** DATA IN THIS EXERCISE follows **

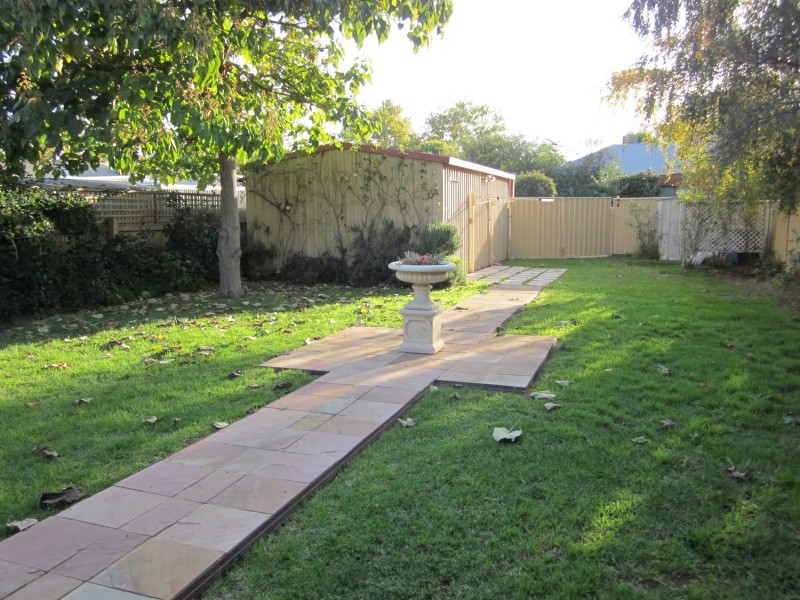 48 Fox Street, Wagga Wagga NSW 2650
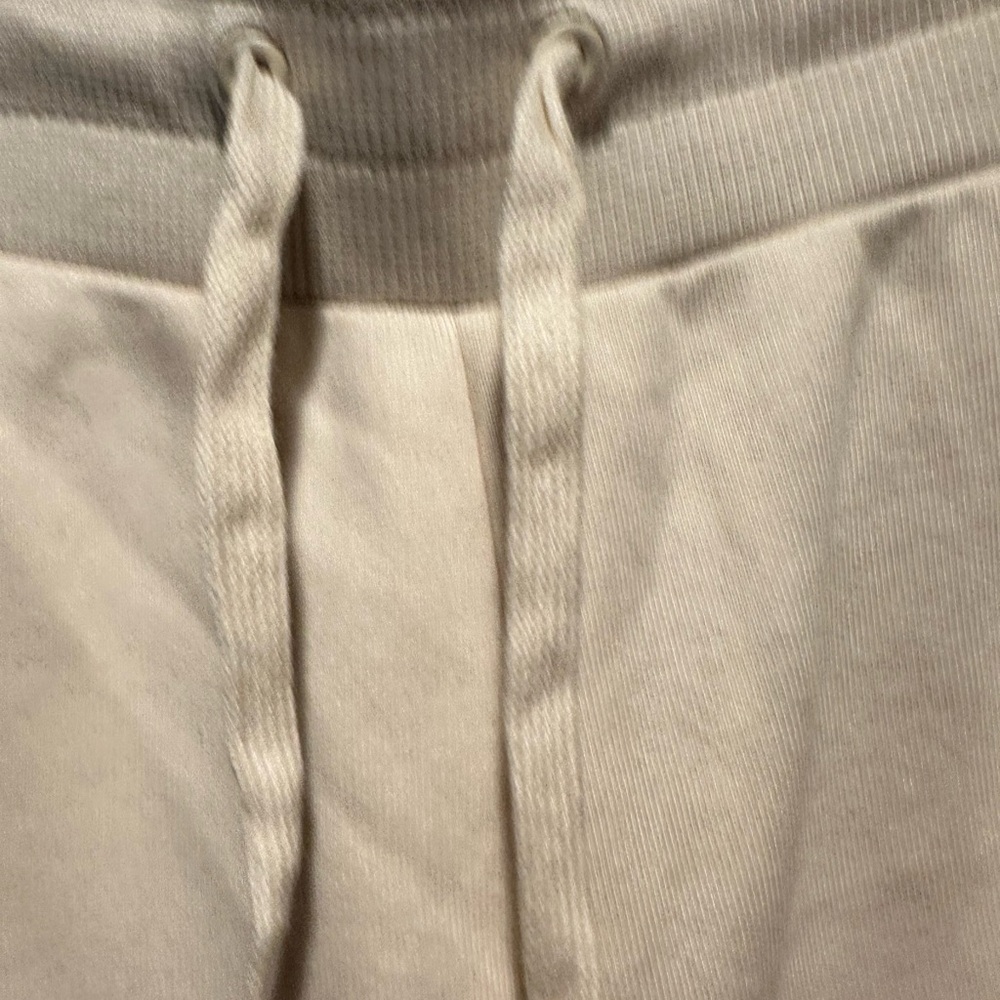 Puma Cream Wide-Leg Sweatpants with Gold Logo Size XL - Picture 5 of 7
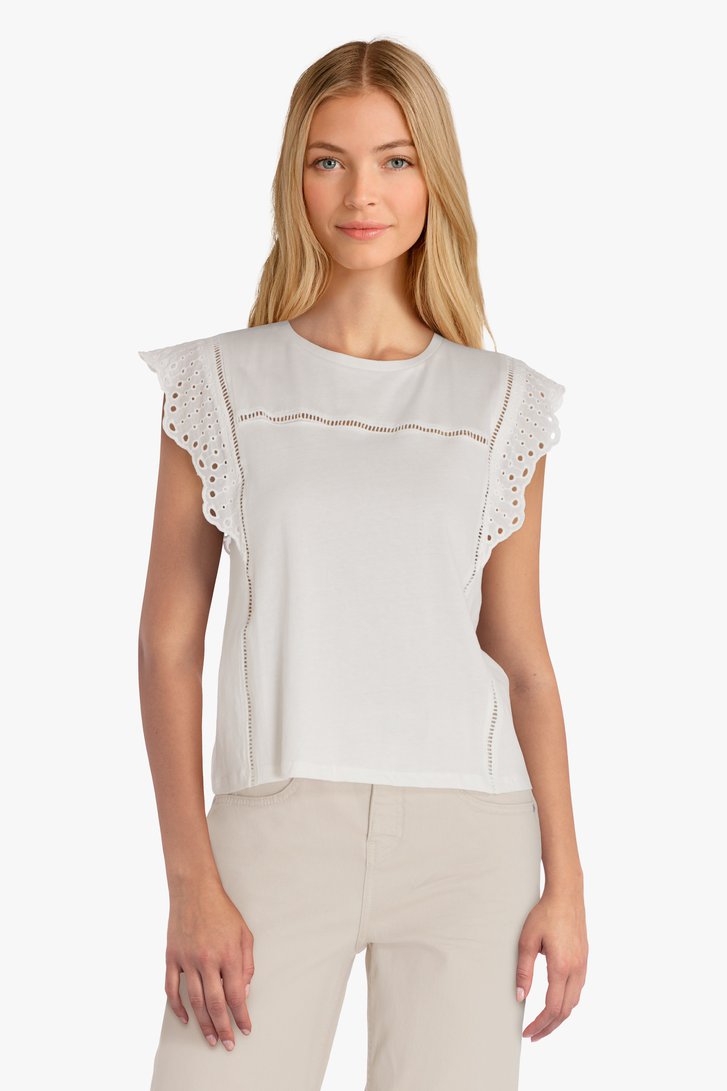 Witte top met broderie anglaise 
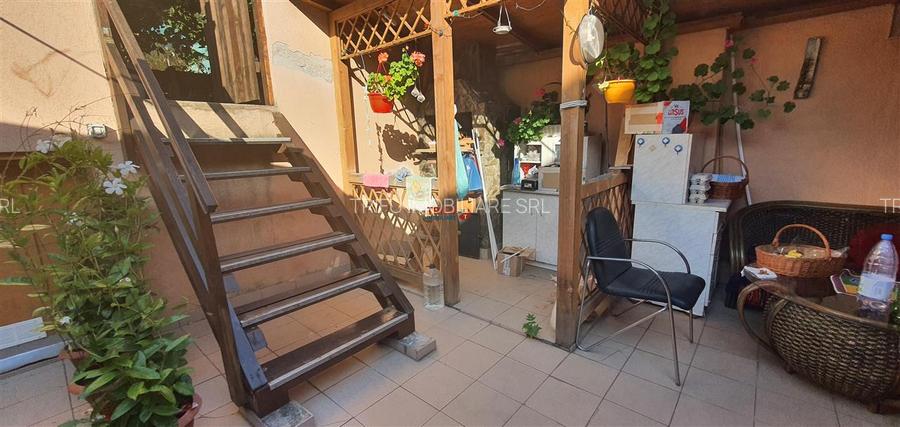 Casa de vanzare la asfalt 8 camer 1720 mp teren Alba Iulia - 14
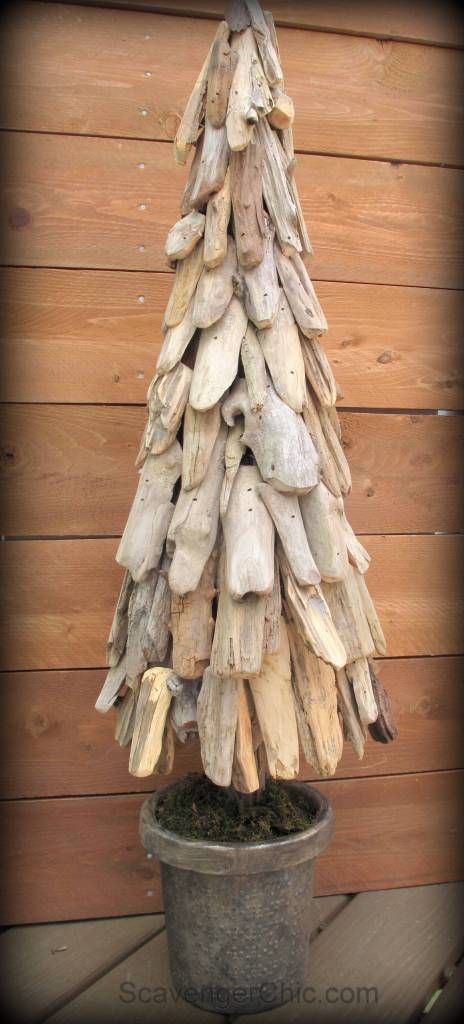 Driftwood Christmas Decorations, Driftwood Tree, Driftwood Wreath, Driftwood Christmas Tree, Driftwood Diy, Driftwood Art Diy, Diy Beach, Driftwood Projects, Driftwood Decor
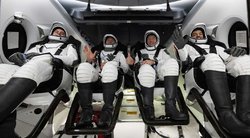 Po šešių mėnesių kosmose į Žemę sugrįžo keturi astronautai  (nuotr. SCANPIX)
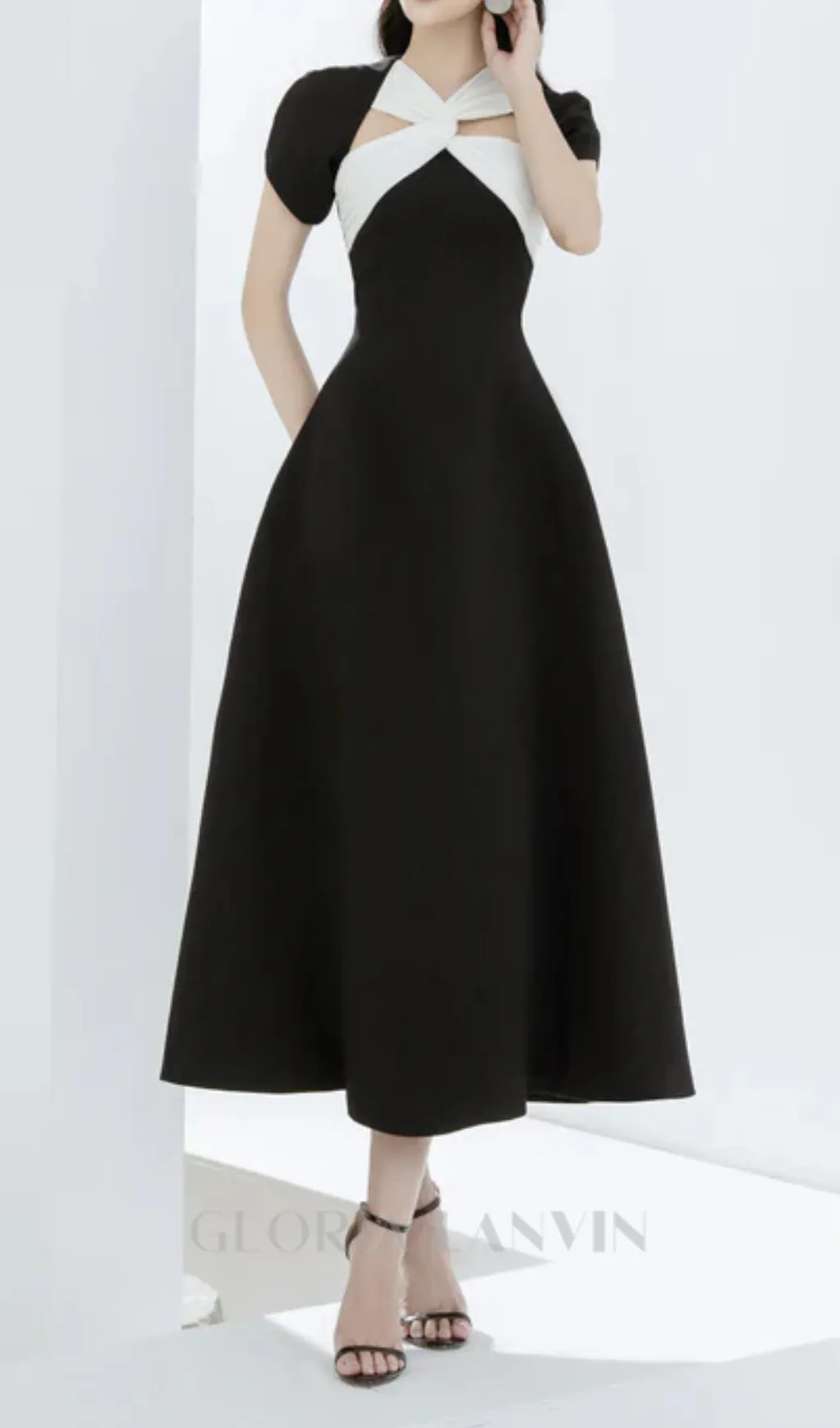 Andrea cut out a-line midi dress in black Gloria Lanvin
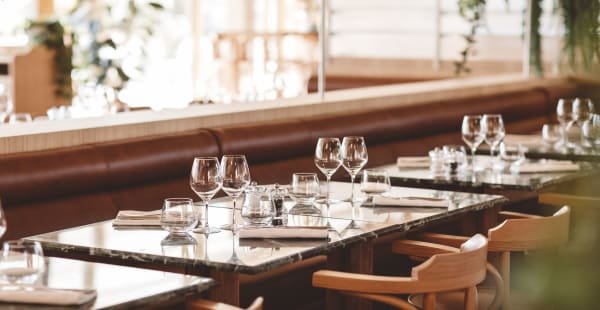 Bistro Là-Haut, Restaurant in Paris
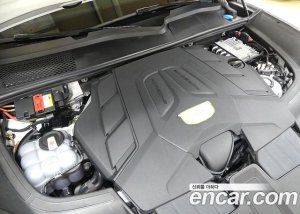 Porsche Cayenne 3.0 E-하이브리드 2020 года из Южной Кореи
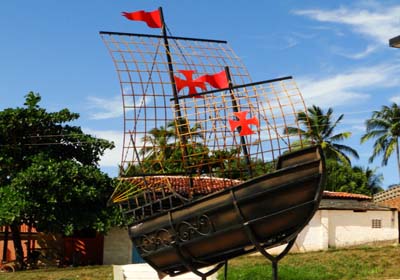 Policial militar é morto a tiros na frente da mulher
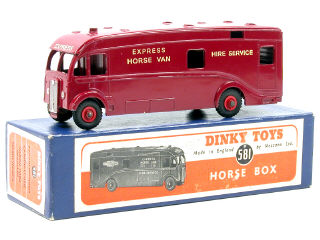 Lot 598 - DINKY TOYS (GB) (1)
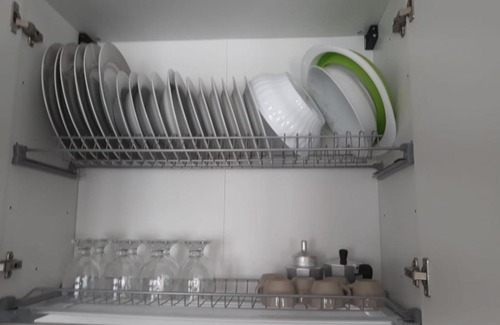 Lido Conchiglie Apartment | Cozy Appartamento Le Perle: Pet and Child Friendly Retreat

** End of DATA IN THIS EXERCISE **

WORK TO BE COMPLETED
Would you print all the entries again exactly, minus any pictures?

EXERCISE OUTPUT
 48 Fox Street, Wagga Wagga NSW 2650
 Puma Cream Wide-Leg Sweatpants with Gold Logo Size XL - Picture 5 of 7
 Witte top met broderie anglaise 
 Casa de vanzare la asfalt 8 camer 1720 mp teren Alba Iulia - 14
 Driftwood Christmas Decorations, Driftwood Tree, Driftwood Wreath, Driftwood Christmas Tree, Driftwood Diy, Driftwood Art Diy, Diy Beach, Driftwood Projects, Driftwood Decor
 Po šešių mėnesių kosmose į Žemę sugrįžo keturi astronautai  (nuotr. SCANPIX)
 Andrea cut out a-line midi dress in black Gloria Lanvin
 Bistro Là-Haut, Restaurant in Paris
 Porsche Cayenne 3.0 E-하이브리드 2020 года из Южной Кореи
 Policial militar é morto a tiros na frente da mulher
 Lot 598 - DINKY TOYS (GB) (1)
 Lido Conchiglie Apartment | Cozy Appartamento Le Perle: Pet and Child Friendly Retreat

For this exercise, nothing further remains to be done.